(EXTRACTED MATERIAL begins)

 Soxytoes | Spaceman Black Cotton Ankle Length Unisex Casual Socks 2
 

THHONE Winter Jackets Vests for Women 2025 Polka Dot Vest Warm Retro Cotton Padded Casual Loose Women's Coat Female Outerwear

(EXTRACTED MATERIAL ends)
(EXTRACTED MATERIAL begins)

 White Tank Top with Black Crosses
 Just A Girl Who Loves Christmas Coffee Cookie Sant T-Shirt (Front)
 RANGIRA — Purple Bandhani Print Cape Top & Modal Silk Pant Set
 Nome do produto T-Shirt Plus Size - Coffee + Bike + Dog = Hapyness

(EXTRACTED MATERIAL ends)

◆ WORK TO BE COMPLETED: Extract the lines of the preceding material that run from the line with "White Tank Top with Black Crosses" through the line with "Nome do produto", inclusive, reproducing them exactly and adding nothing.

◆ EXERCISE RESULT:
 White Tank Top with Black Crosses
 Just A Girl Who Loves Christmas Coffee Cookie Sant T-Shirt (Front)
 RANGIRA — Purple Bandhani Print Cape Top & Modal Silk Pant Set
 Nome do produto T-Shirt Plus Size - Coffee + Bike + Dog = Hapyness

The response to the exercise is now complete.